ROTH: The sender has no idea whether there will be a video response.

VAN DEN BROEK: And in many cases there`s the stories like, "I heard you killed that and that person. Did I know you?" This is a big question of course. But people know there are so many rumors after a war, so many stories which are growing bigger and bigger. And they like to find out whether this is true.

ROTH: The war broke up two friends who were like brothers. Emil, a Muslim Serb, fled ex-Yugoslavia for the Netherlands and never contacted former best friend Sasa, a Serb, because he heard Sasa was suspected of committing a murder.

REJGER: When we went to see Sasa, Eric asked him, "Do you miss your friend Emil?" And Sasa almost started to cry. He missed him so much. And Emil lives in Holland. So Sasa said, "OK, I`ll make this video letter for him."

UNIDENTIFIED MALE: (speaking foreign language)

GRAPHIC: I`m going a bit nuts. I`m very nervous.

UNIDENTIFIED MALE: (speaking foreign language)

GRAPHIC: Hi, Sasa. Here I`m making a video letter for you. First, I would like to clear some things up. You said in your video letter.

ROTH: The Emil and Sasa exchange was the first of 20 documentaries, and they usually resulted in reunions.

Yezmin (ph) and Georgia used to share a home.

VAN DEN BROEK: It was some time before she opened. And she opens the door and she closes it. And she starts to scream in the back, like, "I`m a woman. I need some makeup." And then -- and she was kind of thrilled, and then she -- and then she opened the door again. And they really hugged. And I mean, it was really, really nice to see this happening.

ROTH: There are some reconciliations that won`t happen.

REJGER: Sometimes, for us it was really -- for us it was so emotional. Because sometimes we had to deliver a video letter to a dead person. And it was not a nice video letter to bring back, you know, to the people that were there.

UNIDENTIFIED MALE: (speaking foreign language)

GRAPHIC: Look here, Pera, your friend Brana wants to see you, but unfortunately, you died.

ROTH: The Bosnian wars were infamous for pitting neighbor against neighbor.

REJGER: Fear provokes war. And we just decided to stop being afraid. And we tried to show people making these video letters that they should stop being afraid.
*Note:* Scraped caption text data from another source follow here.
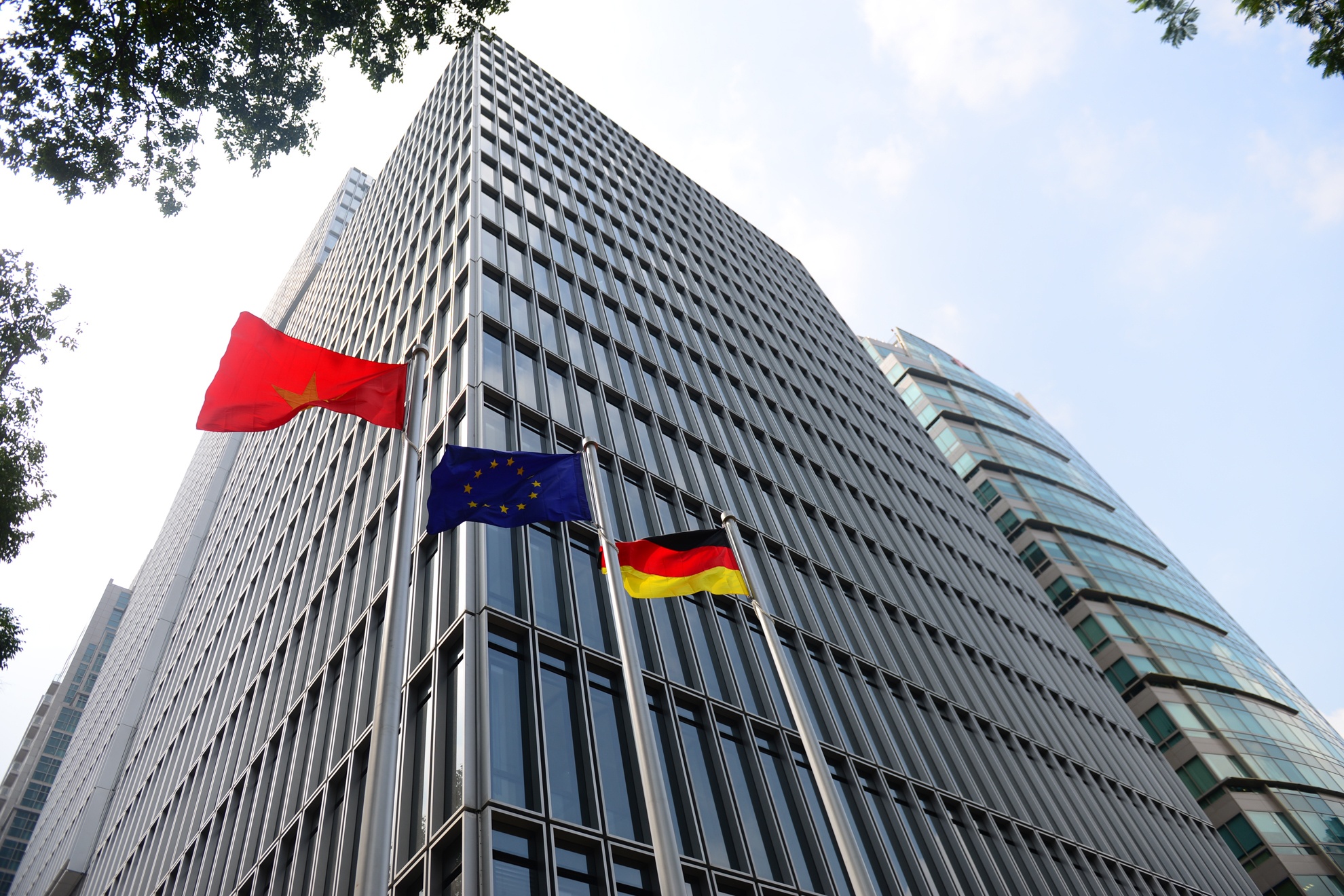 Bi thu Nguyen Thien Nhan tham Ngoi nha Duc tai TP.HCM hinh anh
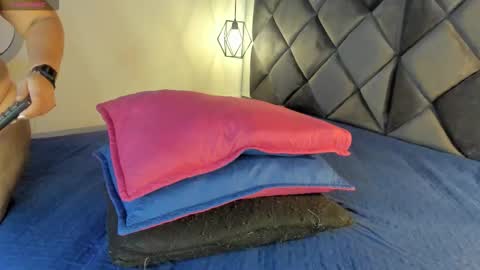 Luna  online show from 11.06.25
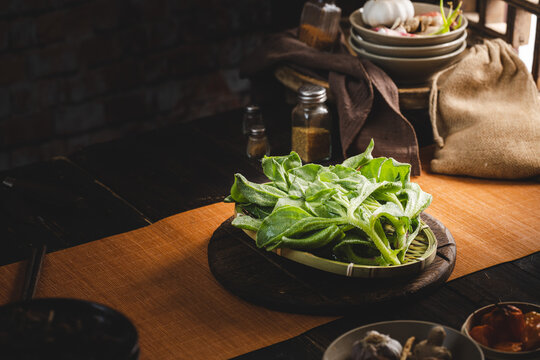 复古农家菜汤锅野菜汤锅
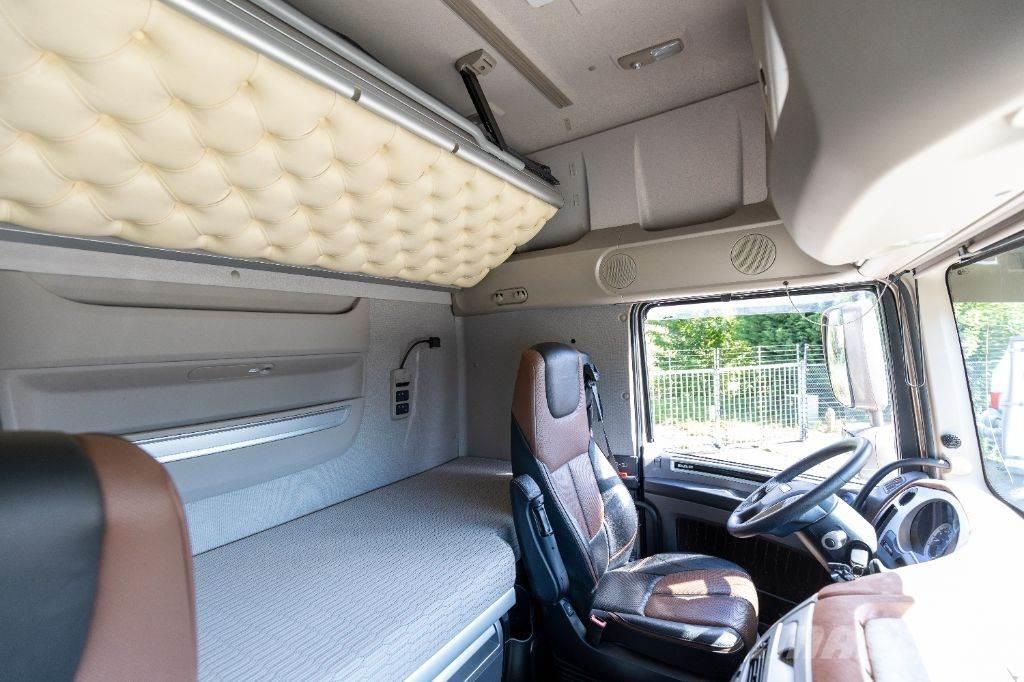 DAF XF 530 FT Truck Tractor Units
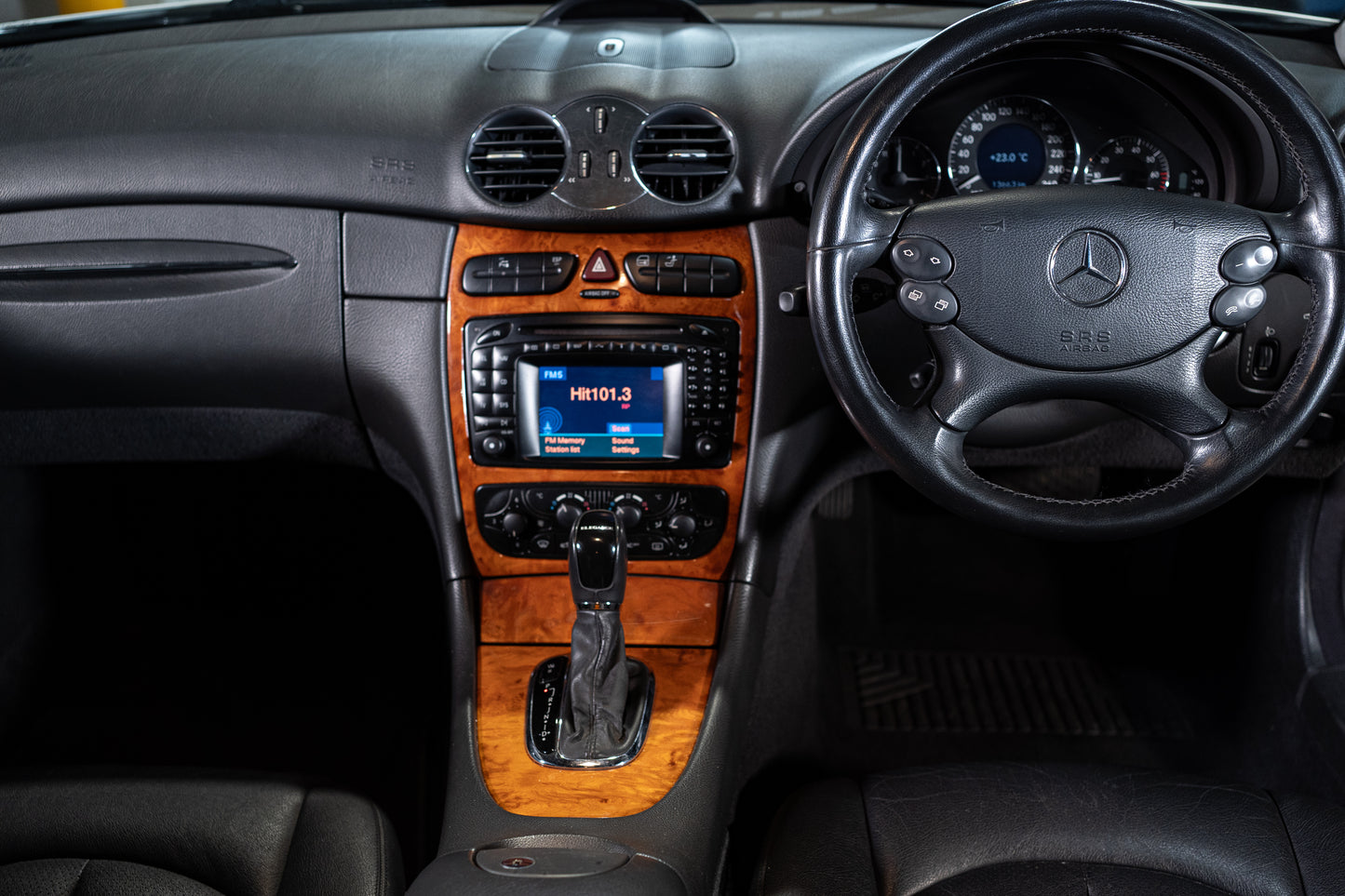 2002 Mercedes-Benz CLK320 Elegance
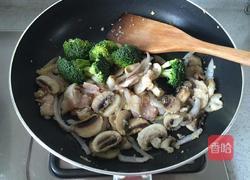 牛奶培根意大利面的做法图解9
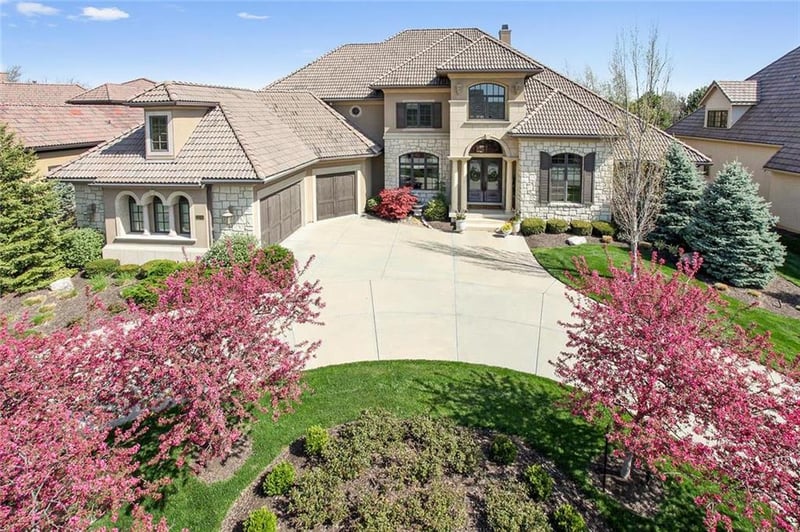 12714 W 160th Ter, Overland Park, KS 66062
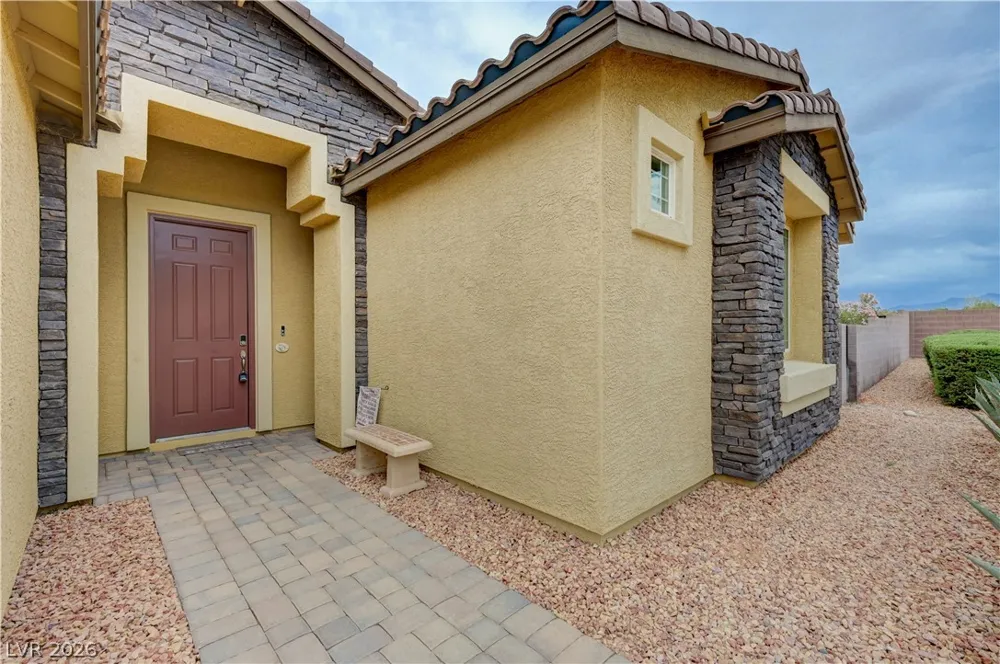 1526 Quail Vista Court Logandale, NV 89021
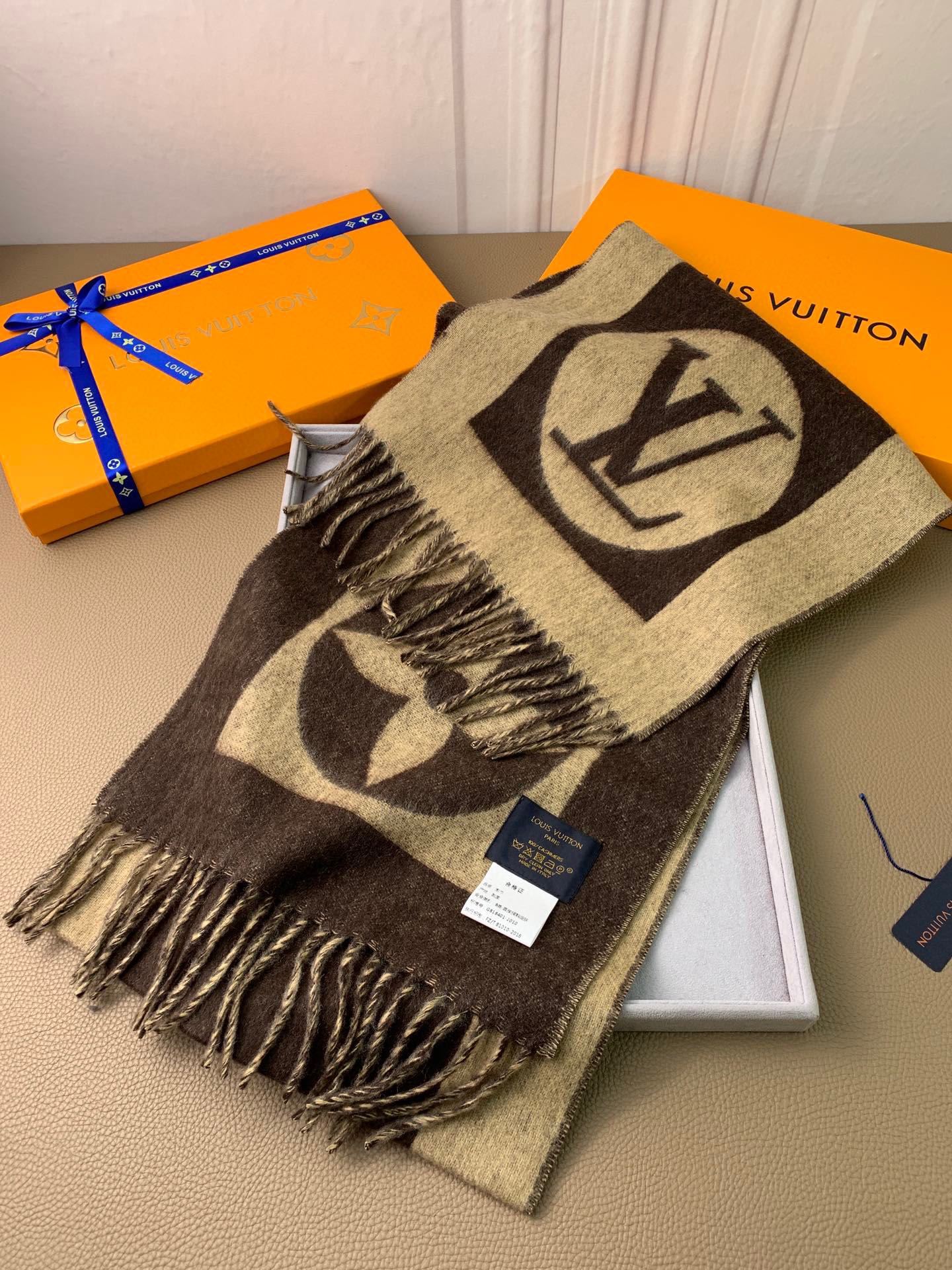 Louis Vuitton Scarf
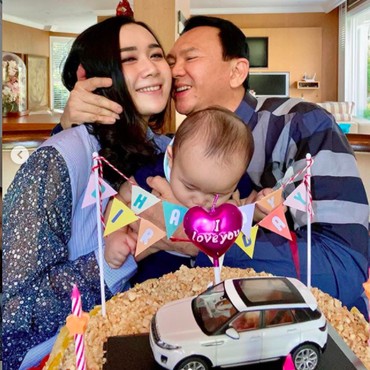 Manisnya, Puput Cium Mesra Pipi Ahok yang Ulang Tahun ke-54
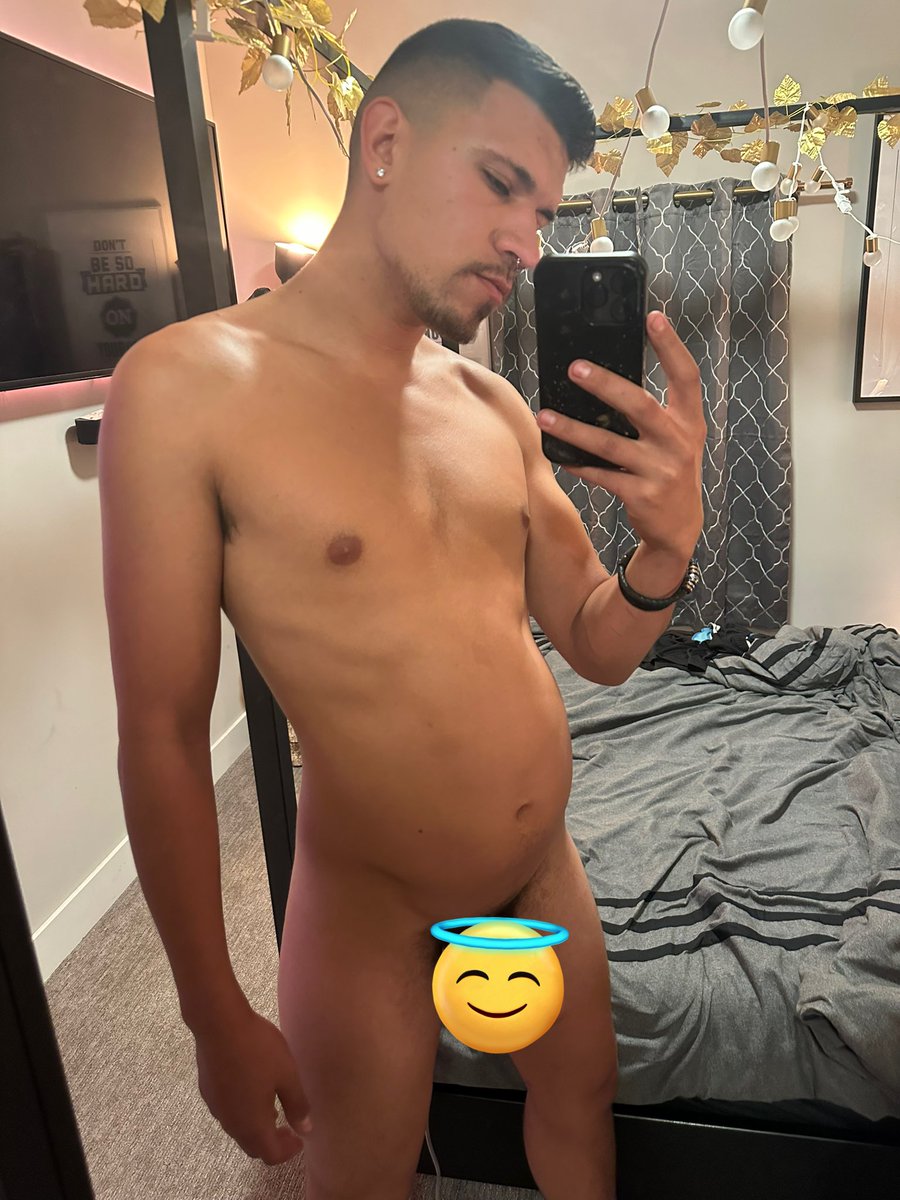 Love being pushed to my limits…. 
40% off for 15 more people 😈 onlyfans.com/just_here350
ROTH: The video letters may be working. The films are the first programming to be broadcast in all six former Yugoslav republics.


HAMMER: That was CNN`s Richard Roth reporting for SHOWBIZ TONIGHT. The filmmakers convinced every public TV station in the former Yugoslavia to run some of the video letters, the first time the stations agreed to work on joint programming since before the war.

Well, tonight, a raging controversy over a convicted killer facing execution, and Hollywood is caught in the middle of it. From Jamie Foxx to Snoop Dogg, some of the biggest stars in the business are racing against time to save the life of one of the most notorious killers on California`s Death Row. And there`s, quite frankly, not much time left.

Let`s go straight to SHOWBIZ TONIGHT`s David Haffenreffer, who`s live in the SHOWBIZ TONIGHT newsroom -- David.

DAVID HAFFENREFFER, CNN CORRESPONDENT: A.J., the execution date is set for December 13. That`s rapidly approaching, of course, and lawyers for Stanley "Tookie" Williams are putting the pressure on California Governor Arnold Schwarzenegger to spare the former gang leader`s life. They`ve sent a petition to the governor, which they say contains 32,000 signatures, and some of those signatures are very big names.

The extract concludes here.